Countries across Africa face a “complete collapse of economies and livelihoods” unless the spread of coronavirus can be controlled, a UN official has warned.
More than half of Africa’s 54 countries have imposed lockdowns, curfews, travel bans or other measures in a bid to prevent local transmission of the virus.
They range from South Africa, where inequality and crime plague Africa’s most developed country, to places like Uganda, where the informal sector accounts for more than 50% of the country’s gross domestic product.
The UN’s development programme regional director for Africa, Ahunna Eziakonwa, said: “We’ve been through a lot on the continent.
“Ebola, yes, African governments took a hit, but we have not seen anything like this before.

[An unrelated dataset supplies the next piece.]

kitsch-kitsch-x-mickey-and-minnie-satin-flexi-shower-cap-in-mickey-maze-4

“The African labour market is driven by imports and exports and with the lockdown everywhere in the world, it means basically that the economy is frozen in place.
“And with that, of course, all the jobs are gone.”

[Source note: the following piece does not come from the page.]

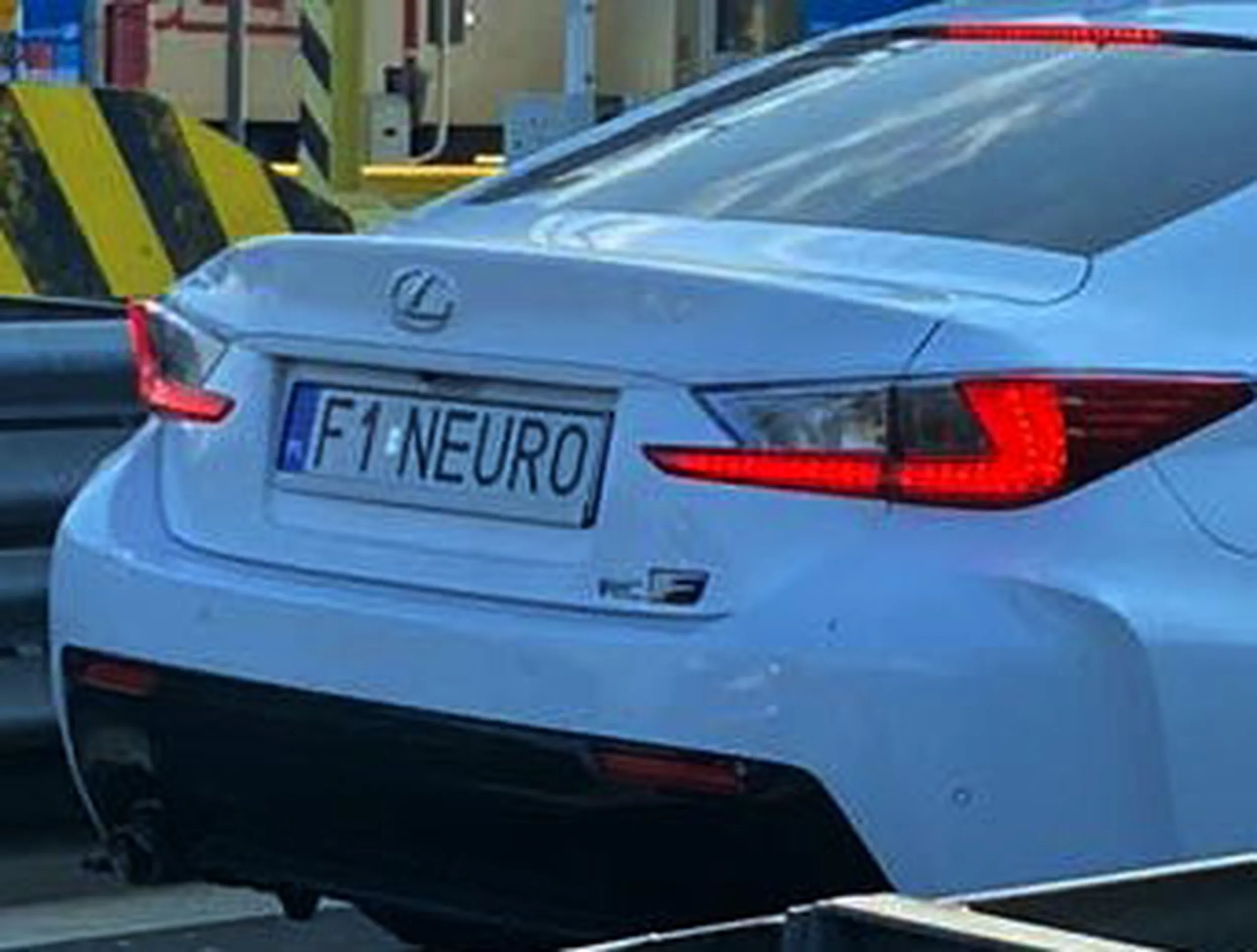 Fajny numer, blacha F1 NEURO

Short-term, priorities include:
1⃣procuring needed medical supplies2⃣leveraging digital technologies3⃣ensuring health workers are paid
— Africa Renewal, UN (@africarenewal) April 3, 2020
Unless the virus’ spread can be controlled, up to 50% of all projected job growth in Africa will be lost as aviation, services, exports, mining, agriculture and the informal sector all take a hit, Ms Eziakonwa said.
“We will see a complete collapse of economies and livelihoods. Livelihoods will be wiped out in a way we have never seen before,” she warned.
The UN Economic Commission (UNECA) for Africa has said the pandemic could seriously dent already stagnant growth in many countries, with oil-exporting nations like Nigeria and Angola losing up to 65 billion US dollars (£52 billion) in revenue as prices fall.
Economies in sub-Saharan Africa are seen as especially vulnerable because many are heavily indebted and some struggle just to implement their budgets under less stressful circumstances.
Now the continent might need up to 10.6 billion dollars (£8.5 billion) in unanticipated increases in health spending, and revenue losses could lead to debt becoming unsustainable, UNECA chief Vera Songwe said in March.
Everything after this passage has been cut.